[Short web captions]

■ ■ ■ ■ ■

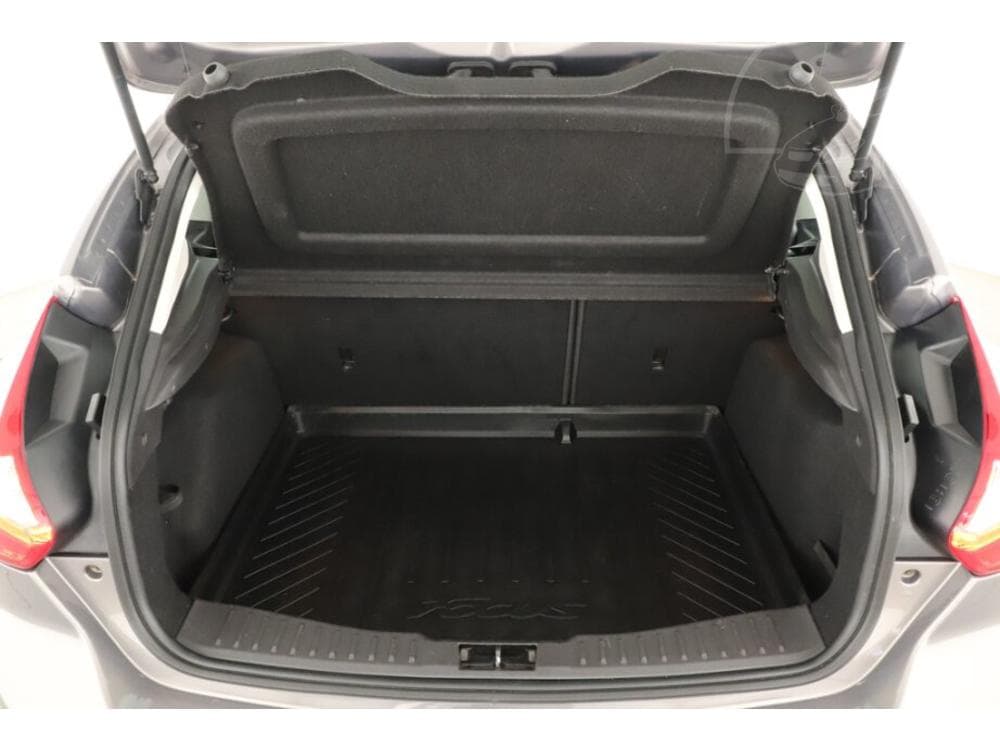 2011 Ford FOCUS - 10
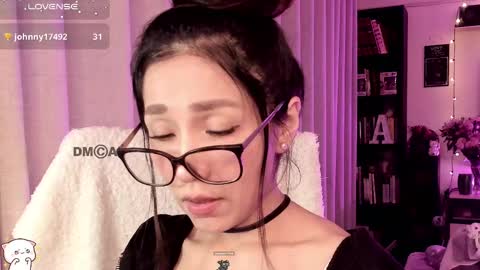 Snapshot of shyangie24 chatting on 10.08.25 Angeline 3 independent come here when am horny... online show from 10.08.25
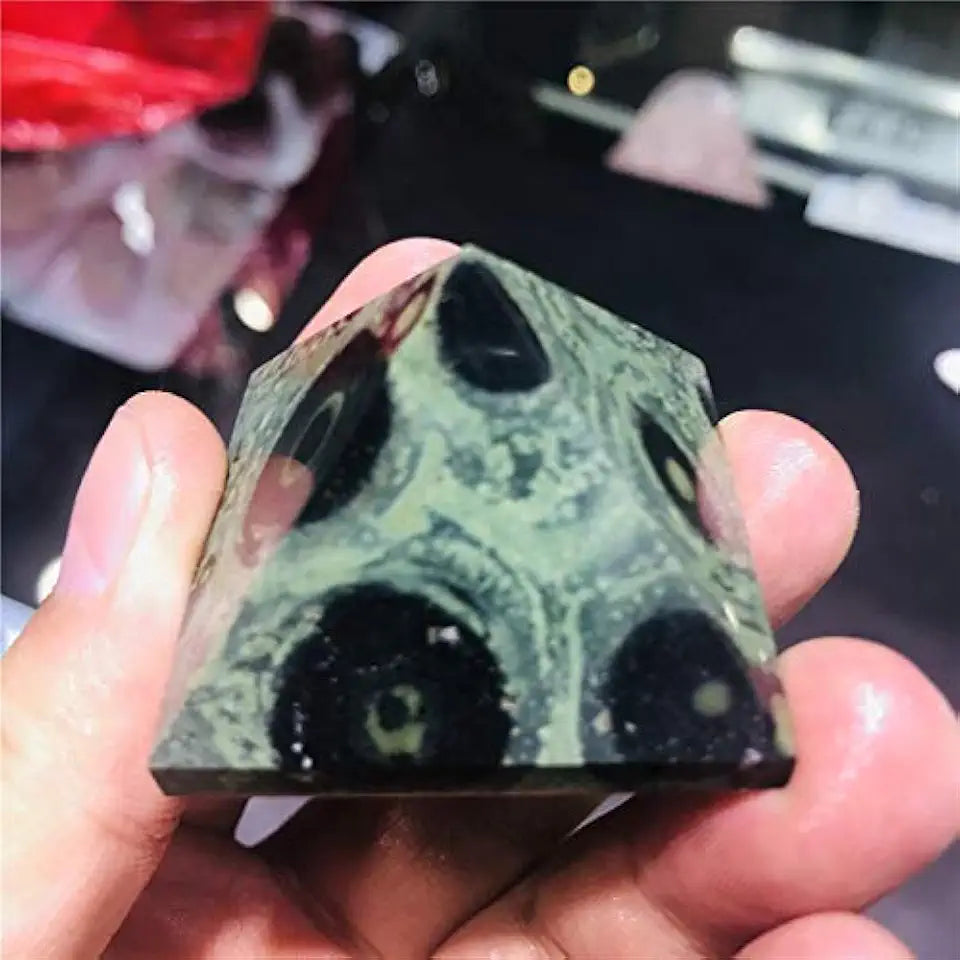 Malachite Pyramids Raw Mineral Rock Quartz Crystal Specimens Y848226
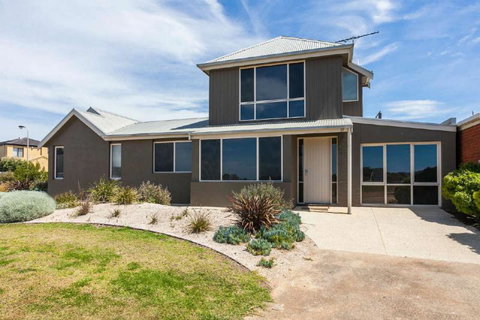 The Beach House - Dalby Accommodation 0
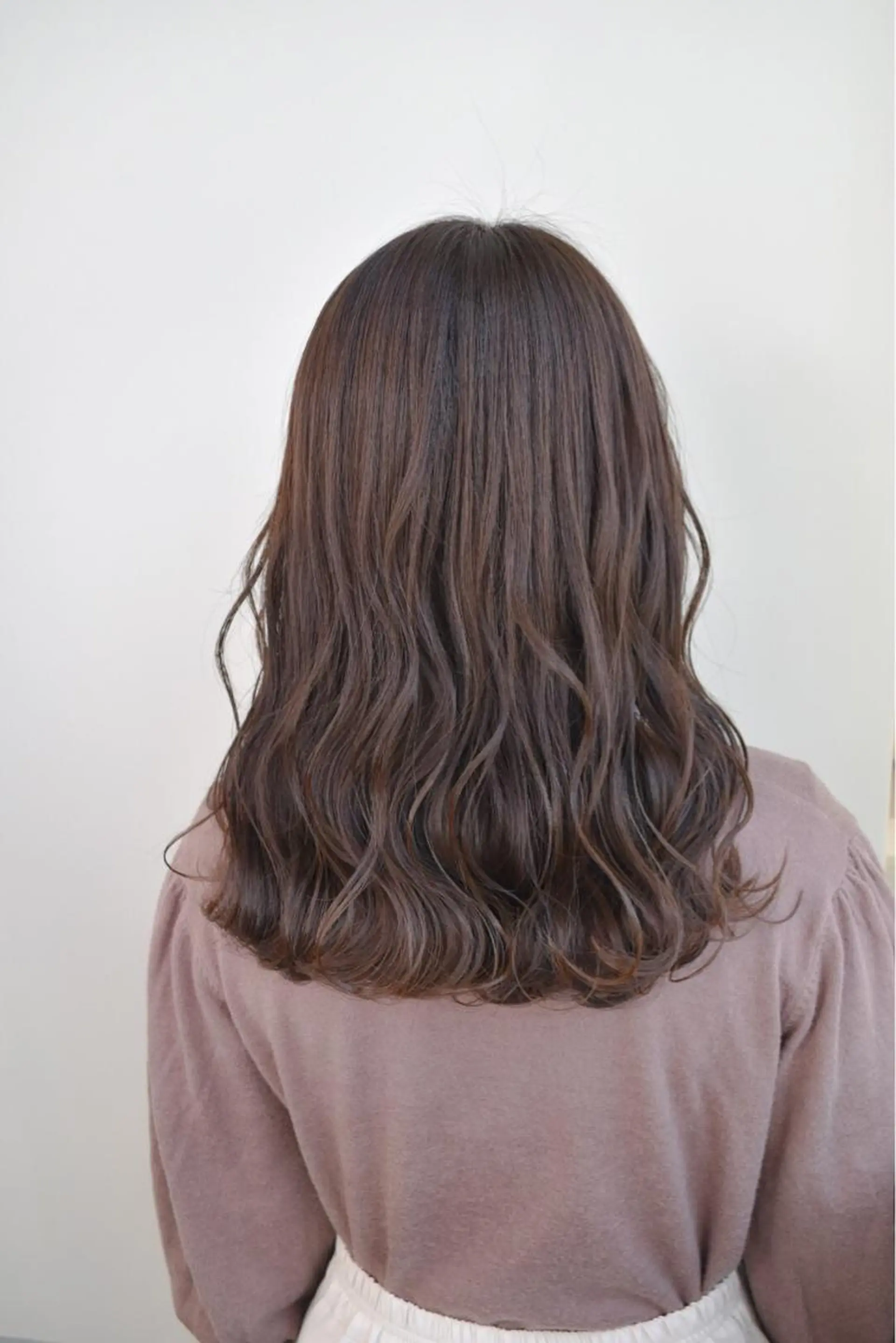 セミロング カラー ハイライトカラー ラベンダーカラー ピンクカラー ピンクラベンダー ハイライト SALOWIN神戸三宮East店所属・【透明感、艶髪】西村 有司のヘアスタイル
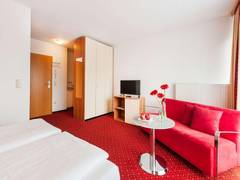 Zimmerbild 9
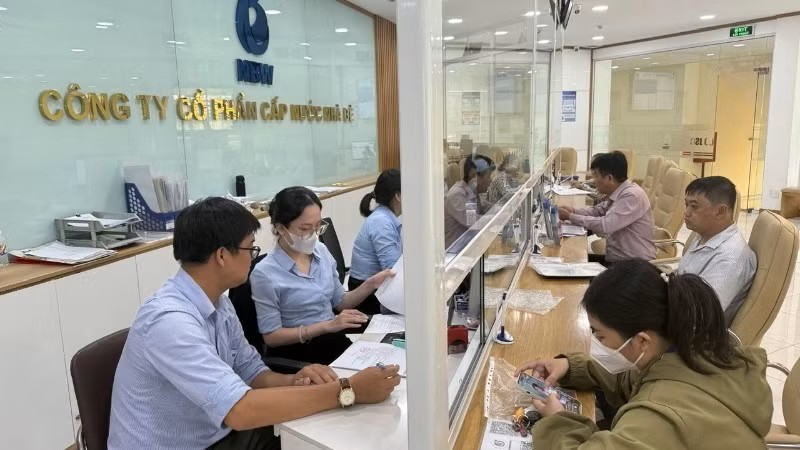 Ngành cấp nước đẩy mạnh chuyển đổi số trong chăm sóc khách hàng - Ảnh 1.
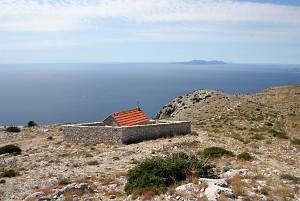 Kostelík Gospa od Zdravlja a ostrov Vis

■ ■ ■ ■ ■

Copy each entry exactly as written. Pictures do not belong in the copy.

▶ _WRITTEN SOLUTION_
 2011 Ford FOCUS - 10
 Snapshot of shyangie24 chatting on 10.08.25 Angeline 3 independent come here when am horny... online show from 10.08.25
 Malachite Pyramids Raw Mineral Rock Quartz Crystal Specimens Y848226
 The Beach House - Dalby Accommodation 0
 セミロング カラー ハイライトカラー ラベンダーカラー ピンクカラー ピンクラベンダー ハイライト SALOWIN神戸三宮East店所属・【透明感、艶髪】西村 有司のヘアスタイル
 Zimmerbild 9
 Ngành cấp nước đẩy mạnh chuyển đổi số trong chăm sóc khách hàng - Ảnh 1.
 Kostelík Gospa od Zdravlja a ostrov Vis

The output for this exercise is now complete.